Magazine Journal intime

Tapins

Publié le 15 mai 2009 par Lephauste

J'ai fait le pied de grue sur les chantiers, chanté la chanson des maçons, filé mes bas dans les dépôts, les hangars, les entrepôts. Je me suis offert à qui voulait, pour trois francs six sous que je le servisse. Libraire, petite main, arpette, magasinier, chauffeur ... Mais j'ai jamais gagné ma vie, je l'ai perdue dans les délices. J'ai travaillé en autochtone, parfois hilare, parfois aphone mais jamais vraiment concerné par l'encours des affaires à faire. Je pointais chez un tel, émargeais chez l'autre, au cachet, à l'heure, à la tache. Rarement pour des honoraires mais bien docile aux horaires, j'arpentais les salles d'embauche en prostitué modèle standard.

- Ça vous va ? Ça ira ! Alors demain huit heures, soyez ponctuel. On vous écrira.

J'étais diplomé des écoles, Certificat d'Etudes Primaires. Je me lançais sans barguigner à l'assaut de la carrière, je fendais l'air. Qu'on se tienne bien ! J'arrivais, j'allais arriver ... On verrait ça ! Oui, mais que faire ? Tendre vers l'improbable en usant des possibles, faire carrière en coulisses tout en rinçant "les verres au fond du café ... J'ai bien trop à faire pour pouvoir aimer" ... La plonge ? En voila un beau métier ! Et pourquoi pas cuisine tant que tu y es ? Je fis celui qui n'entend pas et me le gardais pour moi. Je ferais cuisinier puisque les autres voulaient tous faire affamés de pouvoir, de savoir et assoiffés de gains et réussir, R.E.U.S.S.I.R ? Un mot d'ordre ! Un concept, s'épanouir, vivre pleinement l'épanouissement de sa carrière à laquelle était adossée, c'était écrit quelque part  dans les tablettes, l'échelle de l'ascension sociale ...
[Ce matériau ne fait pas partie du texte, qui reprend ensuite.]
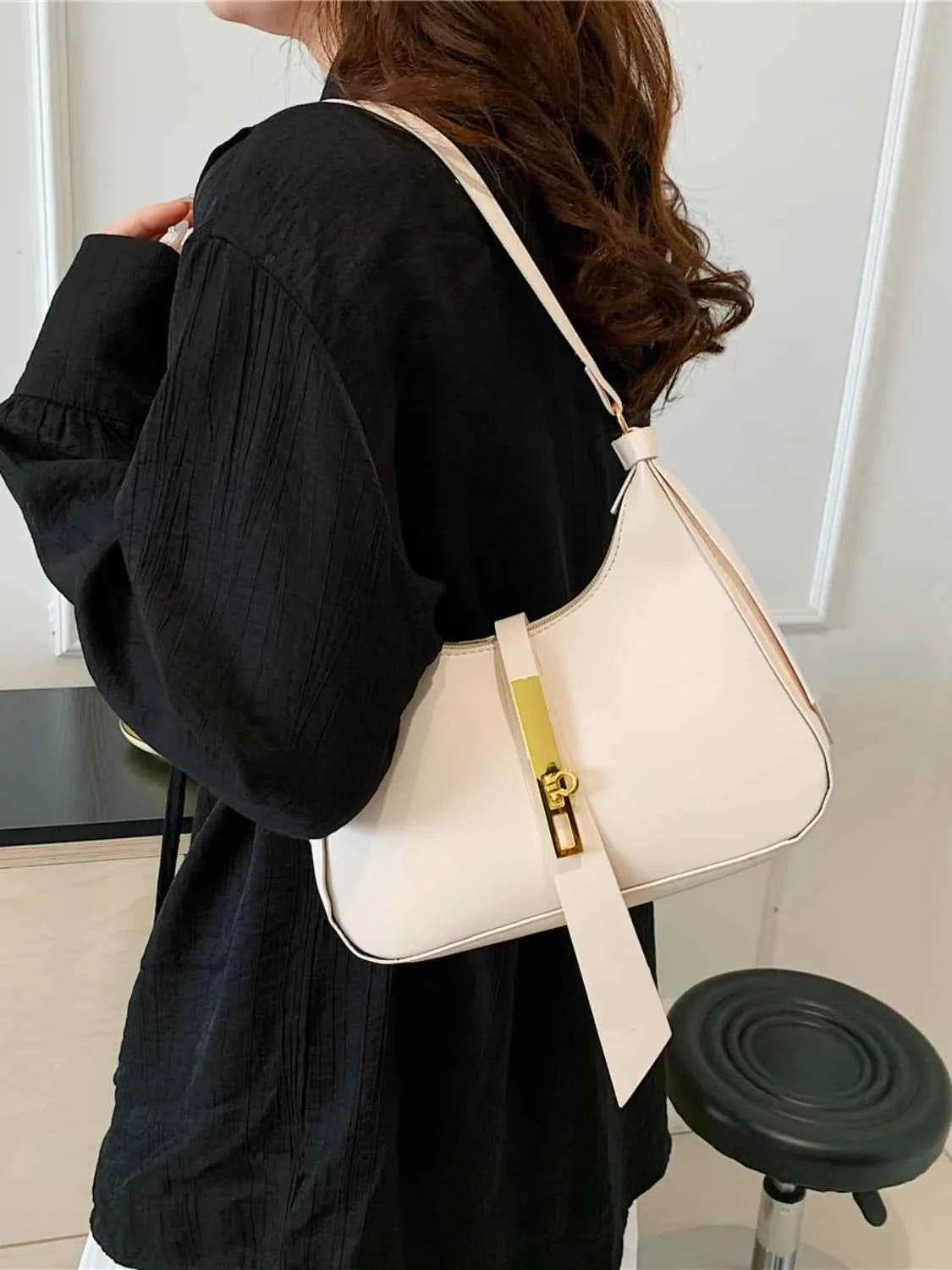 PU Leather Shoulder Bag White One Size for a perfect OOTD – dress to impress outfits from Amexza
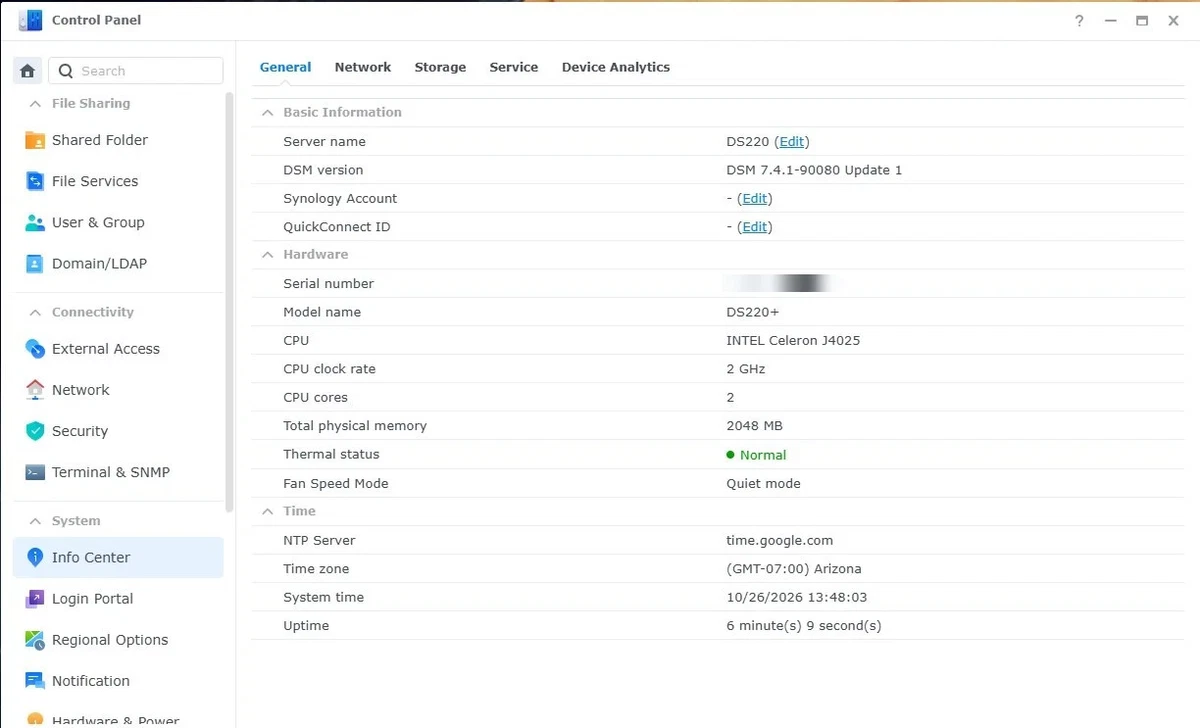 Synology DiskStation DS220+ 2-Bay NAS - Celeron J4025 2GB RAM 2x 2TB HDD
- Un enfant ? Mais tu n'y penses pas, Paul va être démobilisé, ma boite va être délocalisée, mon poste est conservé, au titre du 1% patronal et en plus, tiens toi bien ! Nous venons de faire l'acquisition d'un ravissant bungalow au bord de la mer d'Aral. Sans compter que tante Emeline est au mieux avec le médecin du demi-frère du père de celui qui bien que n'ayant pas vu l'ours vit comme un nabab, avec le RMA.

Je me postais donc au pied de l'échelle et j'attendis que les portes s'ouvrent. Ce qu'elles firent au bout d'un bref moment. Tu veux être cuisinier toi ? C'est pas demain la veille. Et après demain ? C'est trop tard ! Mais si tu veux il y a les cuivres à faire... La dure leçon d'humilité, l'apprentissage lent mais fructueux, la capilarité des connaissances qui du maître au disciple foisonnent au premier regard. Les gestes patiemment répéttés, jusqu'à l'obtention d'une pâte légère et homogène : Laissez reposer et pendant ce temps mettez en oeuvre la seconde partie de la recette qui consiste en la confection d'un appareil de crème patissière, de fruits confits et de marasquin. Procéder comme suit (Planche et Sylvestre, 1977). Et je fis de brèves fortunes que j'engloutissais en des temps records pour oublier les calcinations, le gras et le maigre qui se dévoraient de flammes et de vapeurs. Et transforment tout bon cuisinier en son propre produit, pour peu que le terroir l'ai laissé filer à travers champs. J'étais dans la cambuse, à la place de maman. Grouillot, peluches, parer, laver, émincer, ciseler, fondre, farcir, brider, brocher, décanter, dresser, napper, gâte-sauce, cuire, pocher, frire, blanchir, faire un roux, un blond, un brun, lier, tremper, gueuler, brailler, boire, éviscérer, foncer, faire une abaisse, six huit tours, chemiser, découper, flamber, rôtir, braiser, ça alors ! Monder et à l'immondice, à la fin du service, sourire. Ce pendant que le chef fait le tour de la salle, se fait soigner par le gratin :

- Ah mon salaud ! C'était divin ! Mais comment faites vous donc ?

Comme vous je fais tout comme vous. Je fais Hum ! Je fais Ha ! Je fais Ho ! Et après, je rentre à la maison.